Contre la censure d'internet, mobilisation dimanche 14

Publié le par dan29000

Internet a permis à la liberté d’expression d’être effective pour chacun d’entre nous. Cette liberté semble effrayer l’ensemble de la classe politique : une nouvelle fois nos dirigeants souhaitent brider la liberté de communication sur Internet, et, au motif de la lutte contre le terrorisme, proposent encore et toujours le retour de la censure d’Etat.

 

Un projet de loi présenté par le Ministre de l’Intérieur, Bernard Cazeneuve sera débattu en séance à l’Assemblée Nationale au mois de septembre [1]. Il est supposé lutter contre la radicalisation terroriste des jeunes. Ce faisant, il impose des mesures d’assignation à l’intérieur du territoire, étend les pouvoirs de la police et renforce les tentatives de contrôle de l’écrit et de la pensée. De ce point de vue, ce projet se situe dans la droite ligne politique de Nicolas Sarkozy et de Brice Hortefeux.

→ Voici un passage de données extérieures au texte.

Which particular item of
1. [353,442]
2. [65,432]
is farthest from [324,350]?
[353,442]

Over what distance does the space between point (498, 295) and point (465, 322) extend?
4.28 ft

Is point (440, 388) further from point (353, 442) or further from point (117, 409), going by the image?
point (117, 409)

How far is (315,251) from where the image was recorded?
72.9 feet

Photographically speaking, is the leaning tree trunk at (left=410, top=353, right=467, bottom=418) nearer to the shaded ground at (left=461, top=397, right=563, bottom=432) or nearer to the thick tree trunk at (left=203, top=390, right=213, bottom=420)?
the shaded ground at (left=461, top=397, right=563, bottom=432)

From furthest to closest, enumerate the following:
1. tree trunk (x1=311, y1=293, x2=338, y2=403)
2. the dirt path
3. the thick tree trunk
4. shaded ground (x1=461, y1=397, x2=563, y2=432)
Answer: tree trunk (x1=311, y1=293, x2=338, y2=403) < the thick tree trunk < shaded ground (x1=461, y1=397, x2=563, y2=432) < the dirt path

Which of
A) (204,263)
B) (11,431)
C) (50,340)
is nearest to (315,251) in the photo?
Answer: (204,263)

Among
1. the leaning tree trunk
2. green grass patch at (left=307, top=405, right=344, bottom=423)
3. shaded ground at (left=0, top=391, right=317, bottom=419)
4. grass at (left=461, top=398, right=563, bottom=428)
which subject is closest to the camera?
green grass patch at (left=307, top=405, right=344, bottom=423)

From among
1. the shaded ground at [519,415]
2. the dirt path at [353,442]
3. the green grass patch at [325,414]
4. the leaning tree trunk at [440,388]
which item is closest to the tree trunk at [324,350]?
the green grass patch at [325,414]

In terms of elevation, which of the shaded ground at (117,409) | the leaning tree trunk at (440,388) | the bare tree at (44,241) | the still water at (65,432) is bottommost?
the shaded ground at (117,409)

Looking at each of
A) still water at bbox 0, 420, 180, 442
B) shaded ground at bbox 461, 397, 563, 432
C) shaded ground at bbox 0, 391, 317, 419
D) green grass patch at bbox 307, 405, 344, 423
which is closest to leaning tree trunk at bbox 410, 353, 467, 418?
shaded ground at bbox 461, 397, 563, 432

Lors du débat autour de la loi Loppsi 2, le PS avait lui-même rappelé l’inutilité de ce type de mesure : Toutes les occasions sont bonnes pour resserrer obsessionnellement les mailles du filet répressif, écrivait-il alors, dénonçant un bric-à-brac sans vision ni moyens, l’illusion de la fuite en avant technologique et le contrôle de l’internet ... Il est singulier de voir que le Parti Socialiste ne propose rien d’autre aujourd’hui que de renforcer cet arsenal répressif contre lequel il faisait mine de s’élever hier. [2]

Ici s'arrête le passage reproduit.